Available data Start Marker
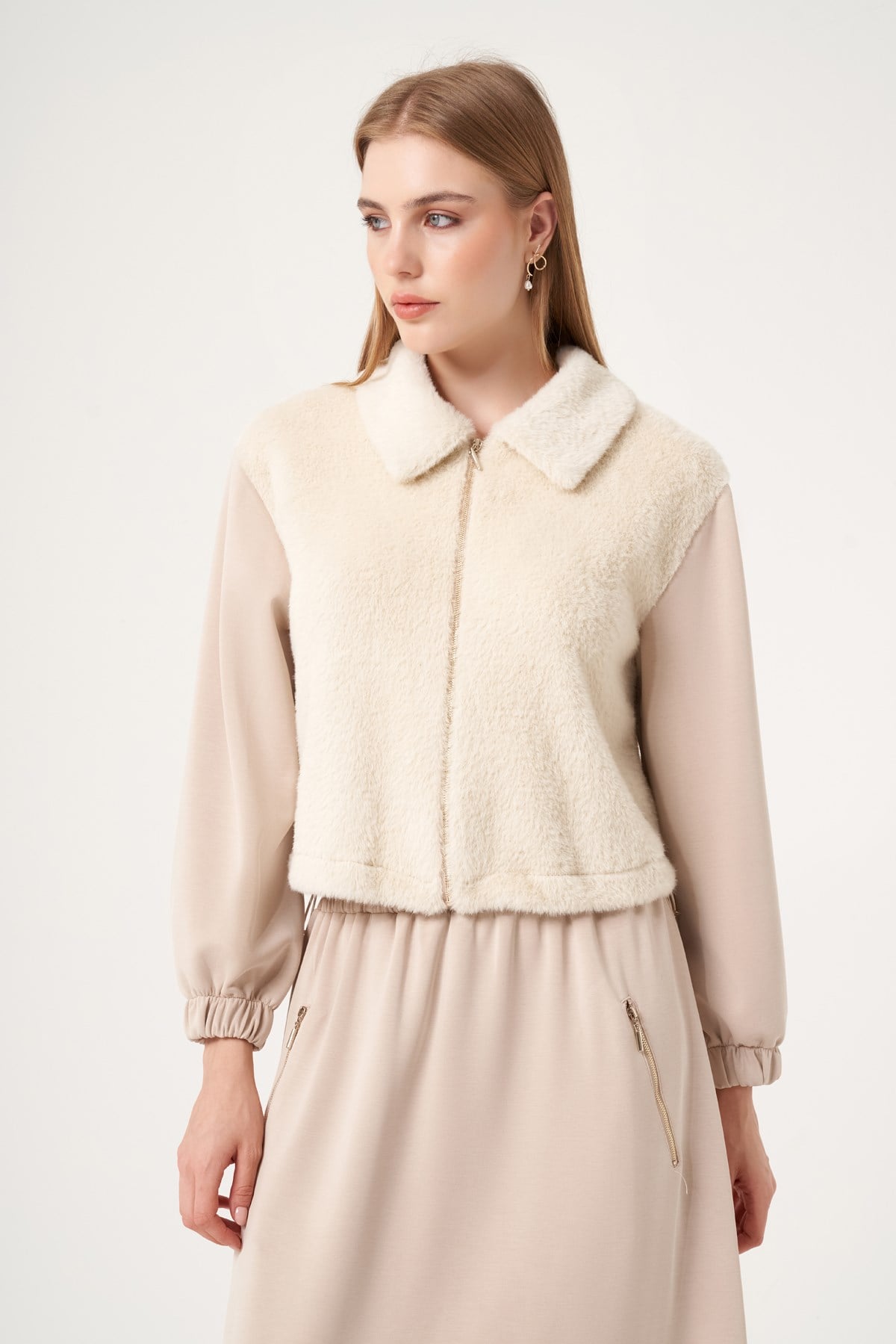 FTZ Women Kadın Peluş Detaylı Etekli Takım  Beige 31527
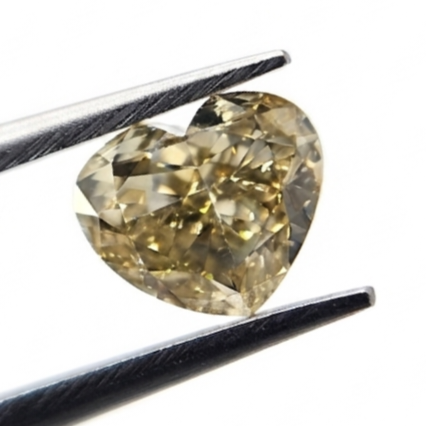 1.00 CT Heart Shape Fancy Yellowish Brown Natural Diamond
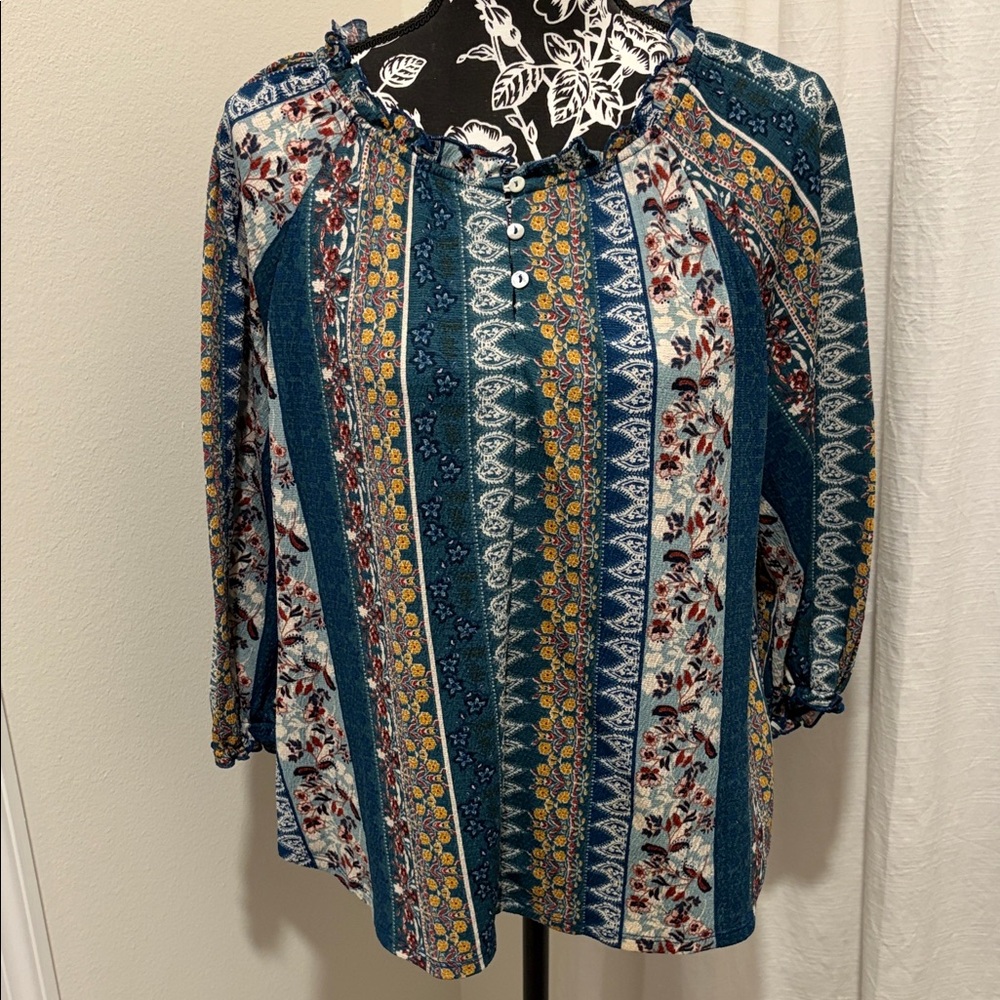 Chic Bohemian Floral Striped Blouse - Blue and Yellow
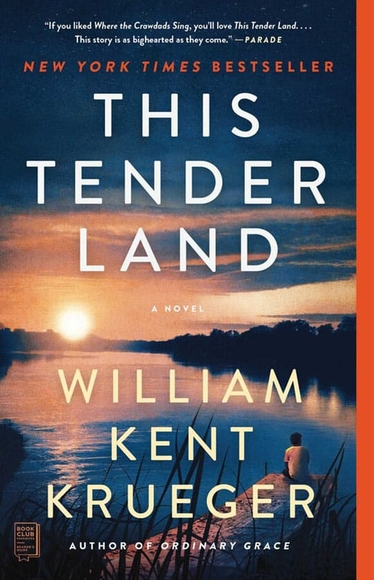 This Tender Land book cover, a setting sun over a body of water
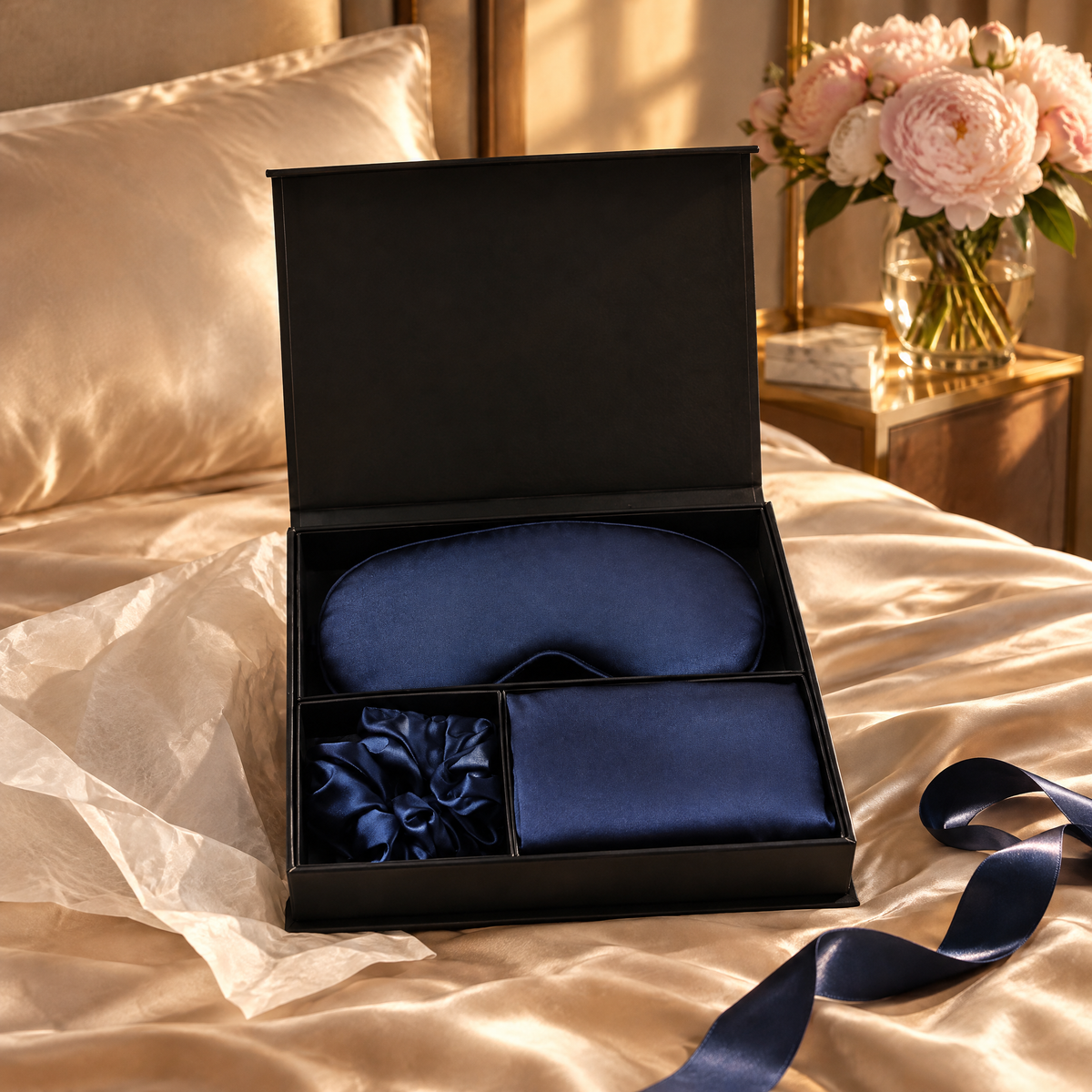 Satin Sleep Gift Set in Navy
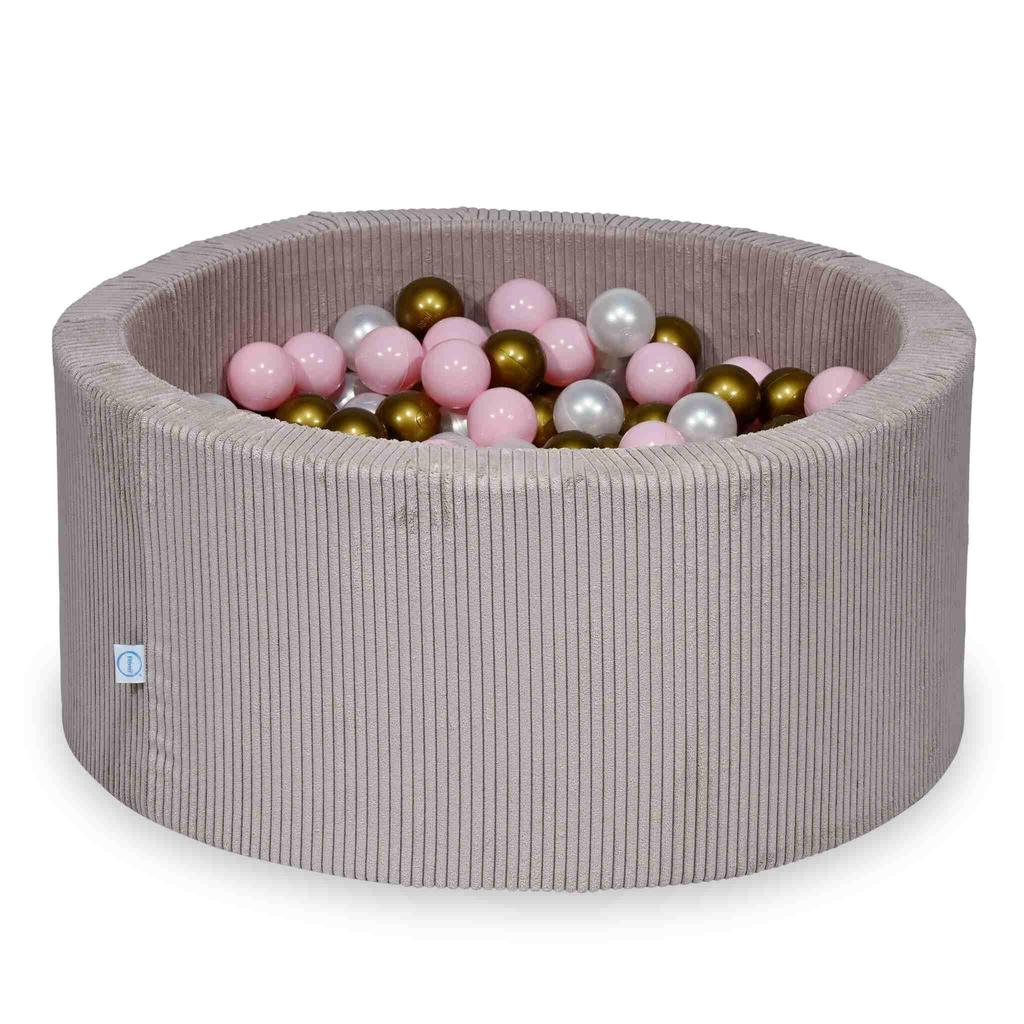 Dry pool 90x40 Corduroy Light pink 300 balls: pearl, light pink, old gold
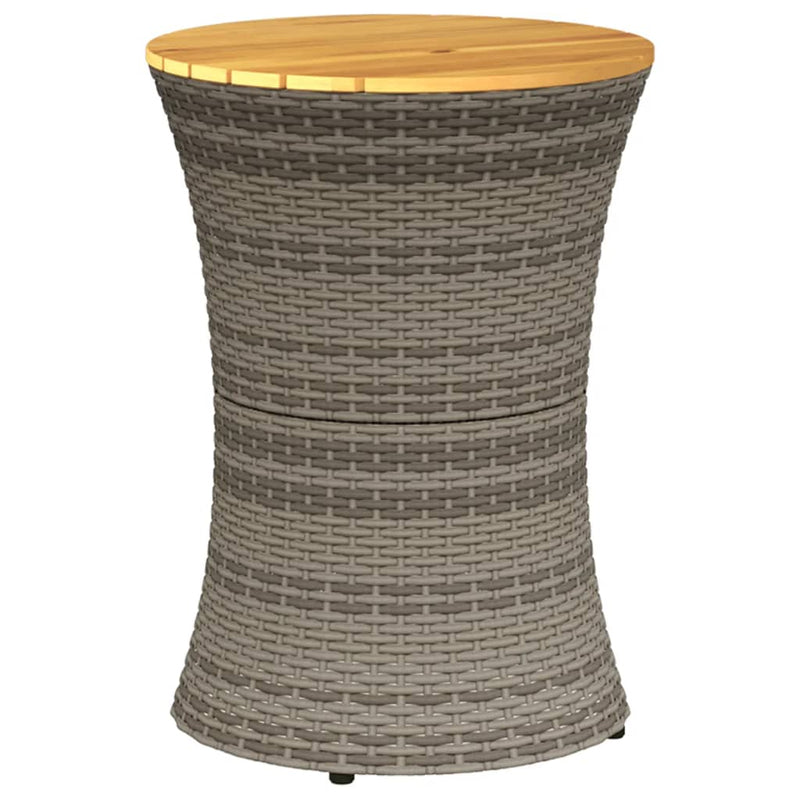 Garden Side Table Drum Shape Grey Poly Rattan and Solid Wood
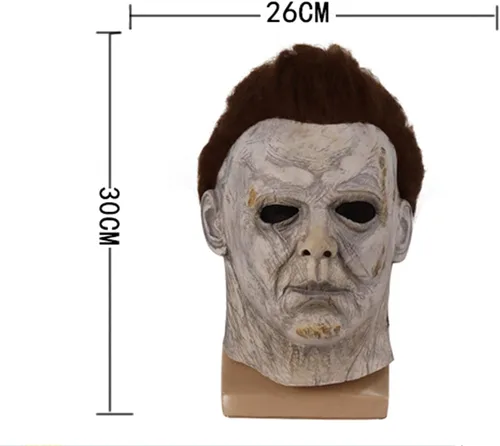 Vista 8 de Led Latex Mask for Halloween Michael Kills Cosplay Scary Masks with Hair Horror Killer Dress Up Costumes Adult Man Masks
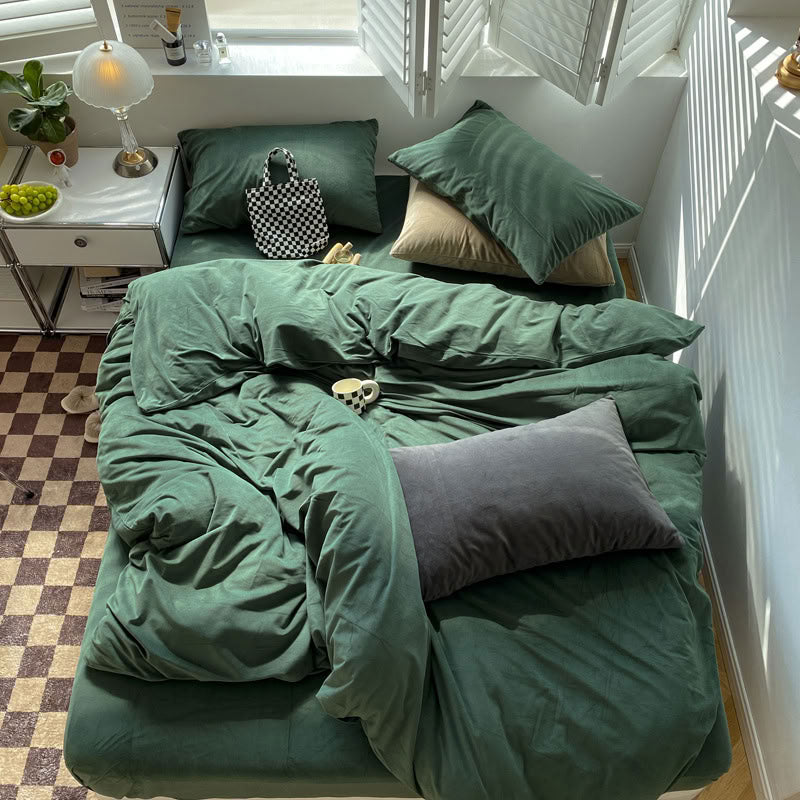 Solid Pistachio Green velvet bedding set with soft plush texture and minimalist cozy bedroom scene - RoomDen
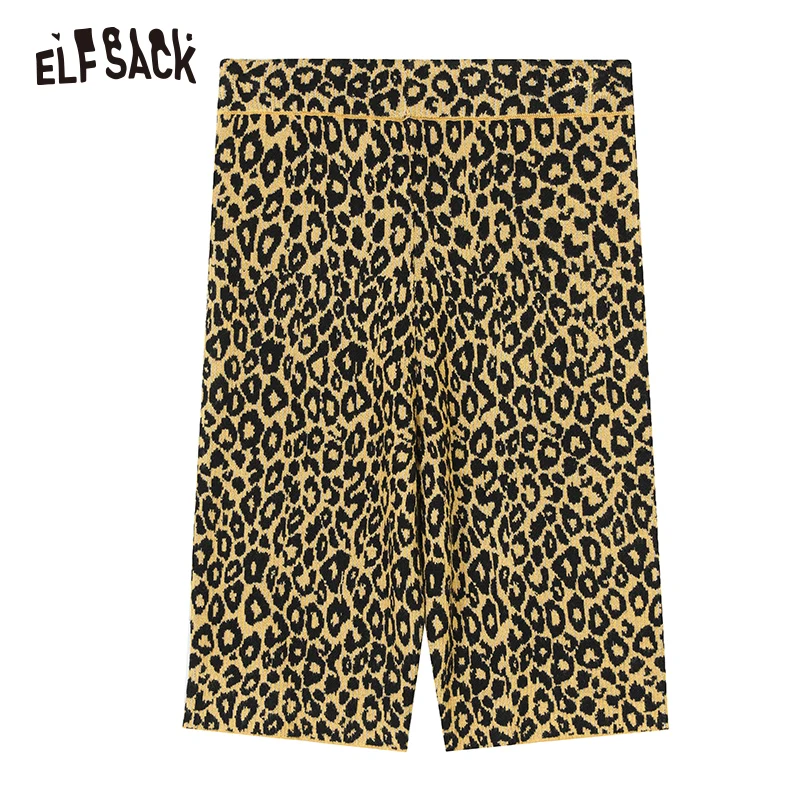 ELF SACK винтажные леопардовые трикотажные женские брюки Модные леггинсы с принтом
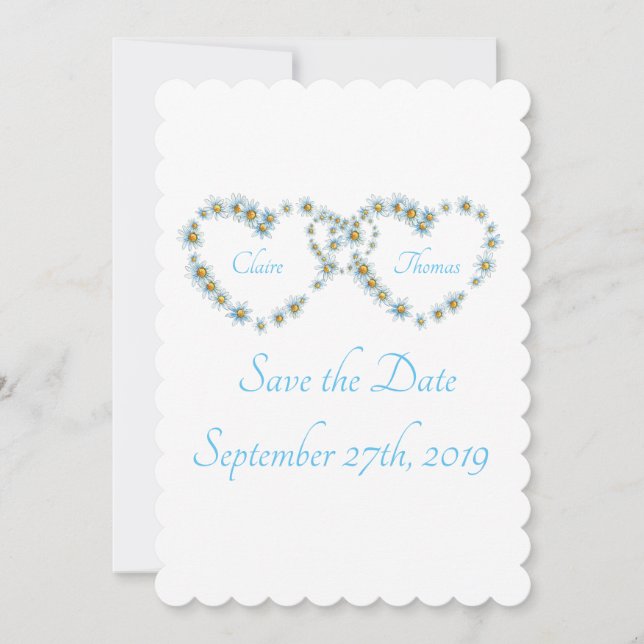 Save The Date Mariage de script Blue Pretty Country Heart (Devant)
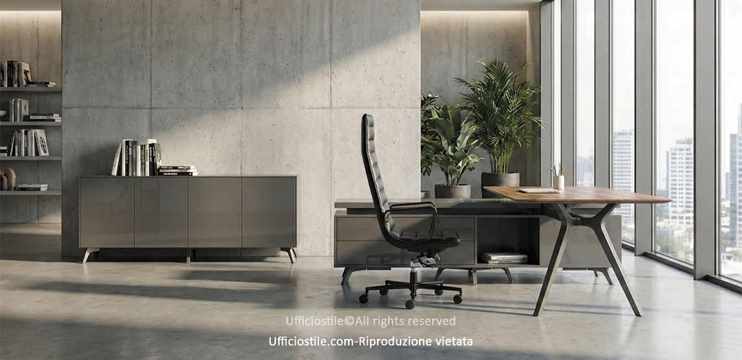 Scrivania legno noce con allungo e libreria.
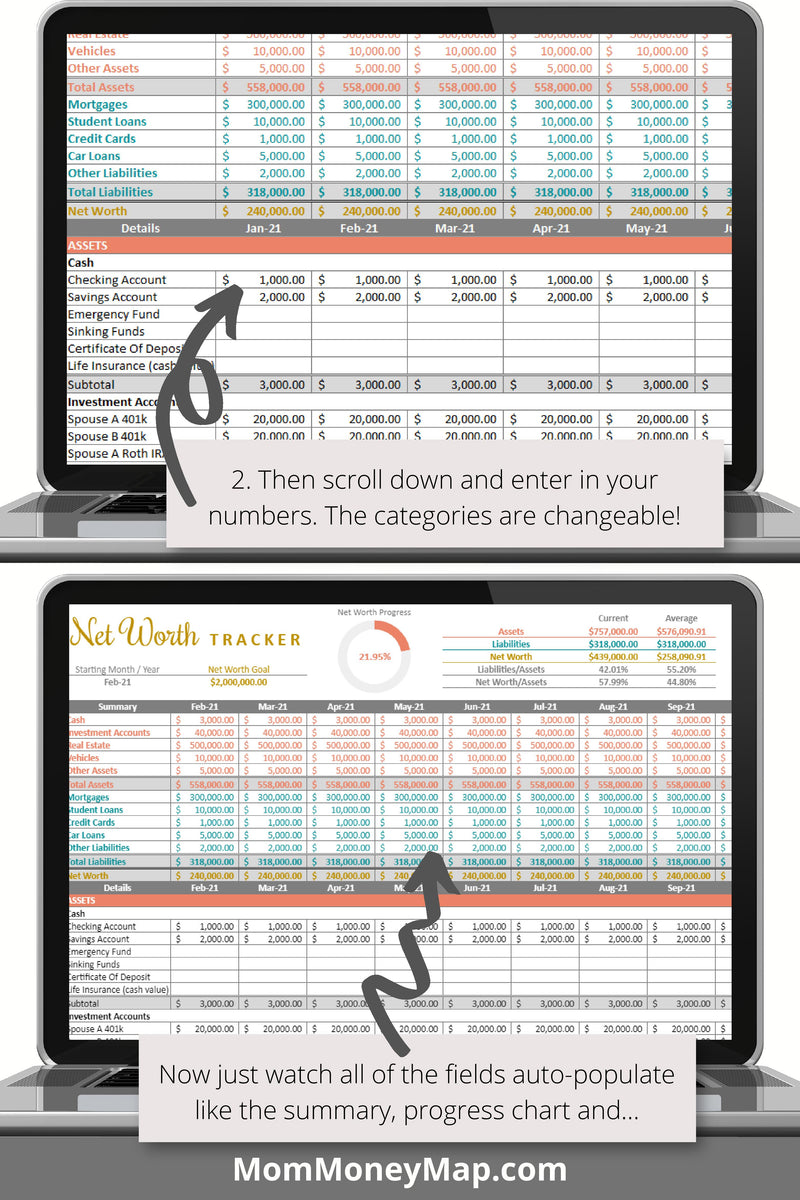 Net Worth Tracker Google Sheets Spreadsheet – Mom Money Map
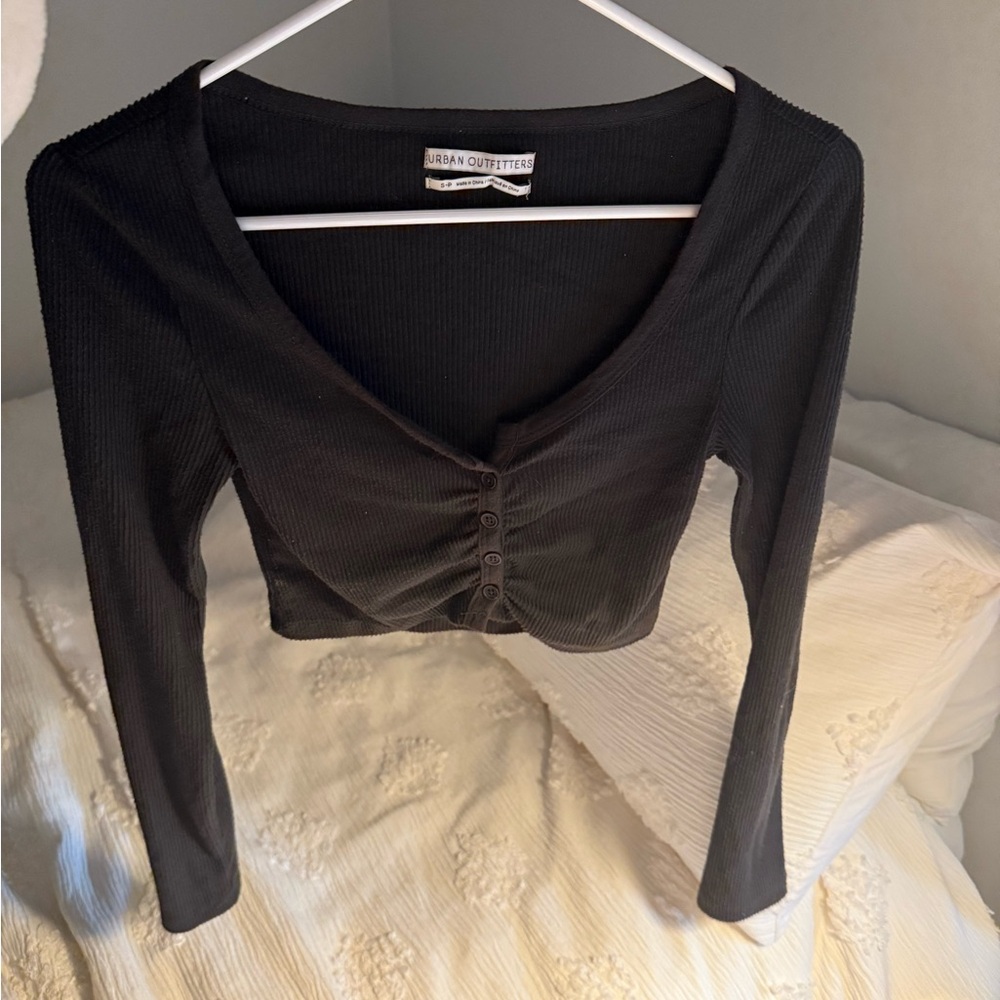 Urban Outfitters Black Buttoned Crop Top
Available data End Marker
● Description of the task
Line by line, print the records exactly, leaving the pictures behind.

● Response
 FTZ Women Kadın Peluş Detaylı Etekli Takım  Beige 31527
 1.00 CT Heart Shape Fancy Yellowish Brown Natural Diamond
 Chic Bohemian Floral Striped Blouse - Blue and Yellow
 This Tender Land book cover, a setting sun over a body of water
 Satin Sleep Gift Set in Navy
 Dry pool 90x40 Corduroy Light pink 300 balls: pearl, light pink, old gold
 Garden Side Table Drum Shape Grey Poly Rattan and Solid Wood
 Vista 8 de Led Latex Mask for Halloween Michael Kills Cosplay Scary Masks with Hair Horror Killer Dress Up Costumes Adult Man Masks
 Solid Pistachio Green velvet bedding set with soft plush texture and minimalist cozy bedroom scene - RoomDen
 ELF SACK винтажные леопардовые трикотажные женские брюки Модные леггинсы с принтом
 Save The Date Mariage de script Blue Pretty Country Heart (Devant)
 Scrivania legno noce con allungo e libreria.
 Net Worth Tracker Google Sheets Spreadsheet – Mom Money Map
 Urban Outfitters Black Buttoned Crop Top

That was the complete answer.